When it released a press release on February, 28th saying it was shutting down all of the retail stores, I was so impressed with the clear and direct writing that I started writing an article how every press release should be written they way Tesla does it.
A few weeks later, Tesla released another press release saying that it was only shutting down the lowest-performing stores. Then, on March 27th, almost one month from the original announcement, Elon Musk had to send a personal email to all of his employees again reiterating that they are in fact, not closing many retail locations. If that wasn't enough action for one day, on the same day as his March 27th email, he again had to clarify Tesla's return policy agreement via twitter.
The original press release said that anyone could return it within seven days or 100 miles. Then fine print on their website said that if you took a test drive, then that rule doesn't apply.

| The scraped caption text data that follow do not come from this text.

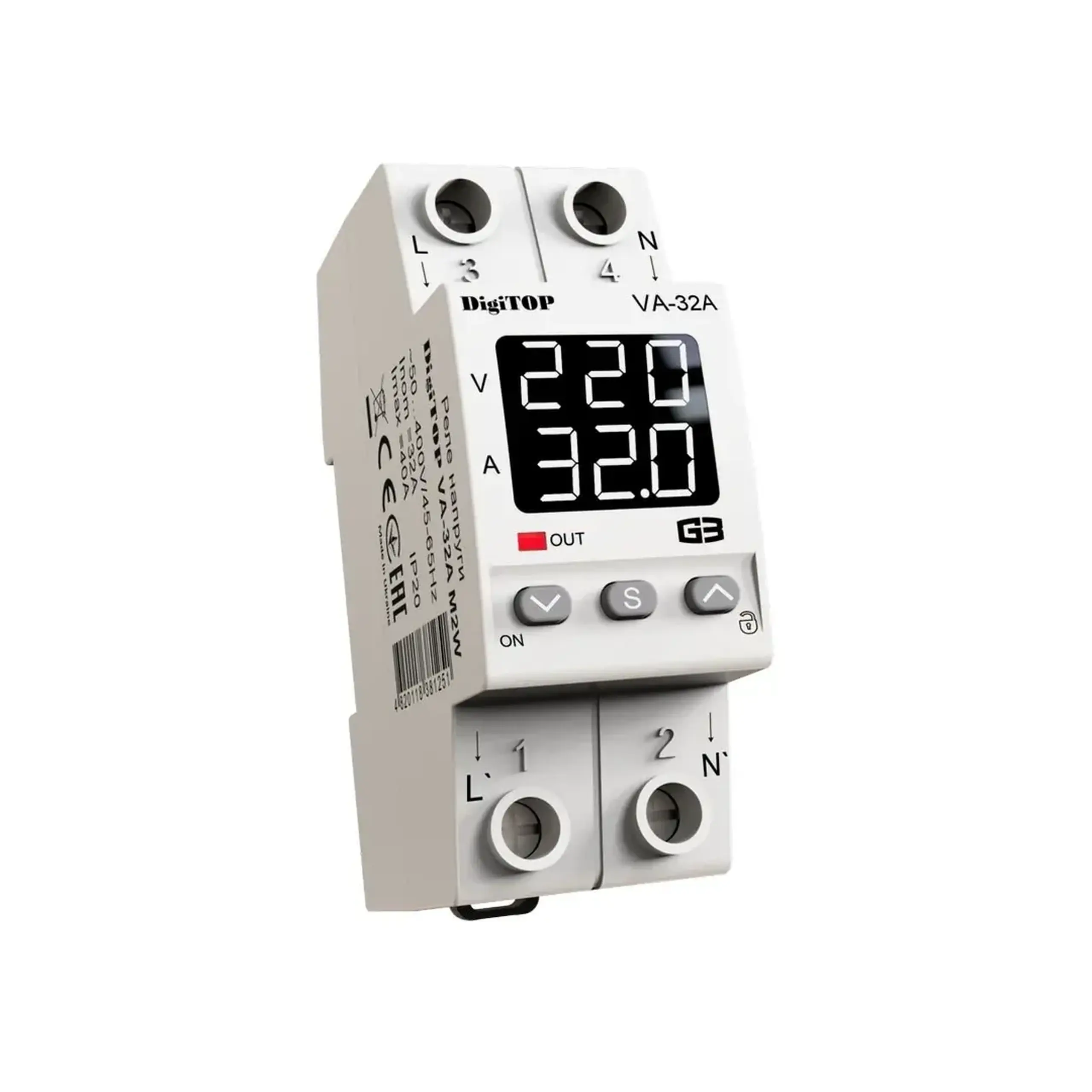Releu de tensiune cu monitorizare a curentului VA-32M2W TRUE RMS 32 A 220 - 240 V IP20 120 - 270 V Digitop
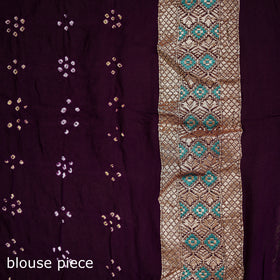 Kutch Bandhani Fine Georgette Banarasi Neem Zari Jaal Saree 13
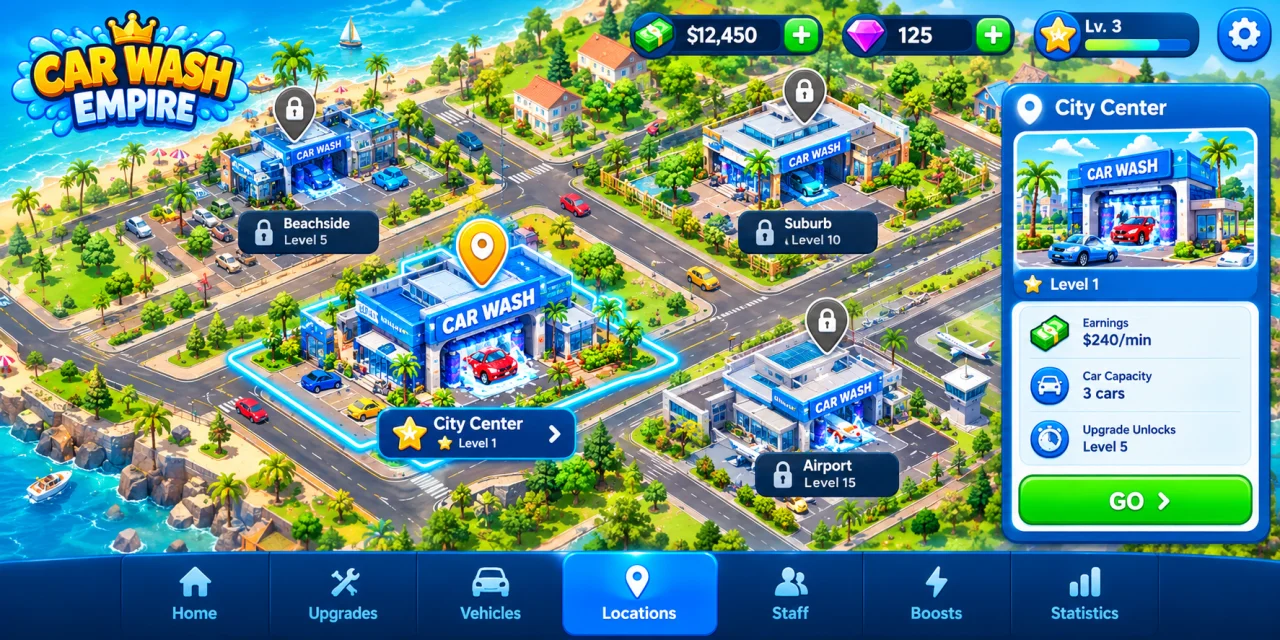 Car Wash Empire Flutter Idle Car Wash Tycoon Game — screenshot 1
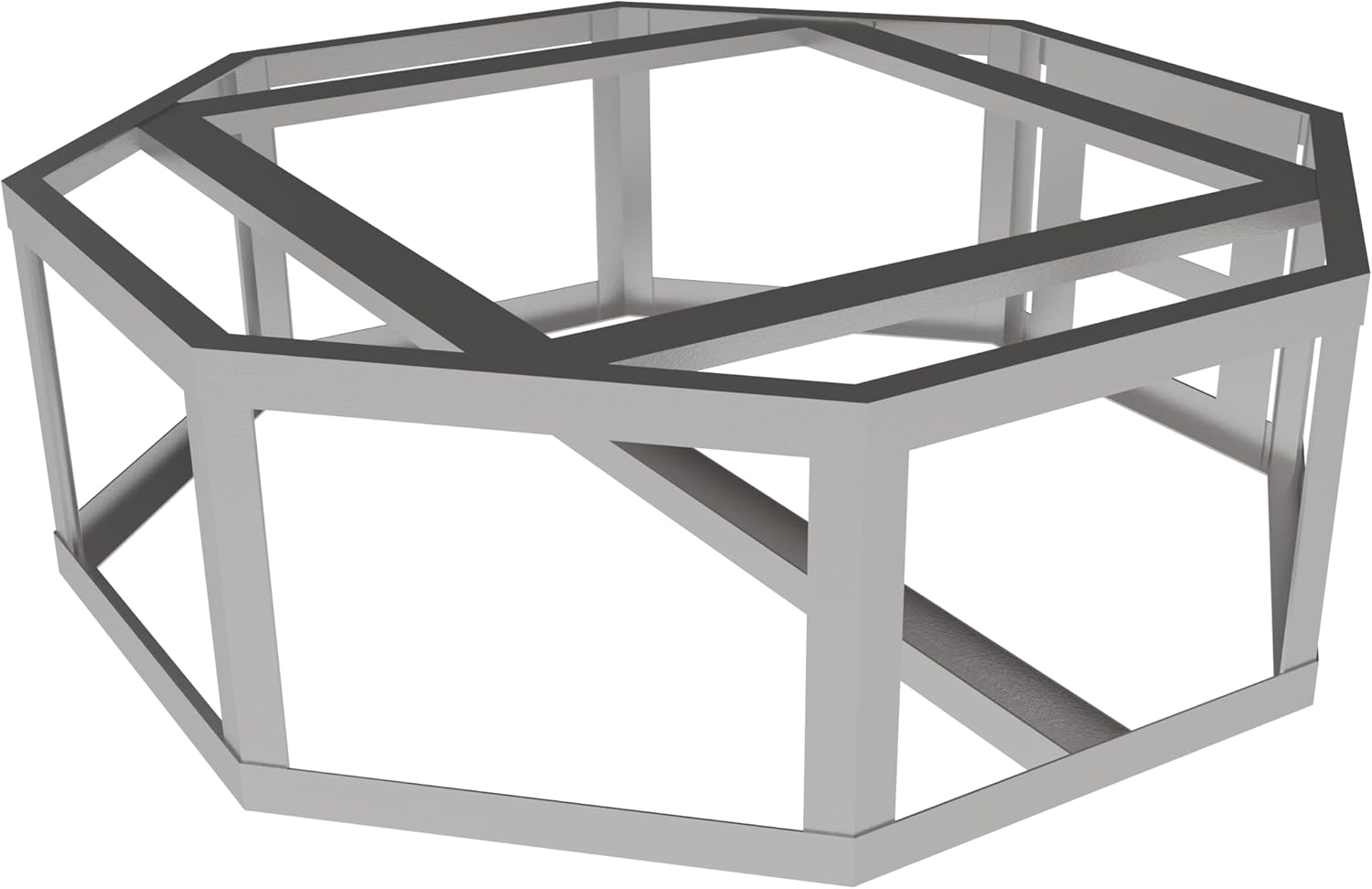 Ready-to-Finish 54-in Octagon x 18-in Concrete Fire Pit Kit for Outdoor Patio – Customizable Gas or Wood Burning Base – DIY & Contractor Friendly – Fits 25-in Burner or Breeo Zentro Insert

Then, Elon Musk tweeted that you actually could return it, regardless. If you take a test drive or not.
This back and forth caused quite a bit of confusion and chaos with Tesla's employees, customers and shareholders. Elon Musk was forced to go back and correct his mistakes.
I'm a huge fan of move fast and break things, but this uncertainty is causing some distress to customers and investors.
Here's how these situations should have been handled:
Fix miscommunication with clarification and clarity
Telling the world and your retail employees that they are going to lose their jobs very soon and then retracting the message a few weeks later, is hardly a small blunder. In fact, many people would lose their jobs if that happened.
So, Musk does what he does best: Sends a personal message to all of his employees with what's happening next. A direct message in clear language straight from the CEO beats any press release or letter from HR any day of the week. Now, this email wasn't perfect by any means.
A better email would have been more specific: X stores are closing, Y are staying open, and Z are under review to be closed. Instead, it gave a general guideline of how they would determine if the stores are closing are not.
Yes, it's great that employees aren't losing their jobs, and there is uncertainty, but I personally love how he sends emails and he communicates with his employees and customers. He's always open to admitting he was wrong and communicate what's happening next.
If you're in this situation, clarity and direction on exactly what's happening next is always the next best step. Make sure your follow-up message isn't vague as it will add more confusion.
If you're going to release a message announcing a big change, stick with it.
I personally don't think anything is set in stone. There is always a reason to change. But changing massive things a few weeks after you announce it, is hardly a good route to take for the brand and employee morale.
When it comes to major announcements, you're almost always better off waiting until everything has been thought through. You have a duty to your employees and customers that they should trust when you say things.
When faced with miscommunication, error on what's best for the customer.
This is one thing I truly admire about Tesla and Elon Musk is their ability to move quickly and when they are faced with miscommunication they always revert to the message that was better for the consumer in the end.
Elon could have easily said that the fine print message regarding not being able to return the car was correct, and customers could not return the car if they took a test drive. Instead, he took the better route for the customer, and Tesla adjusted the language almost immediately. That's impressive.
Change is good. Too much causes unnecessary chaos.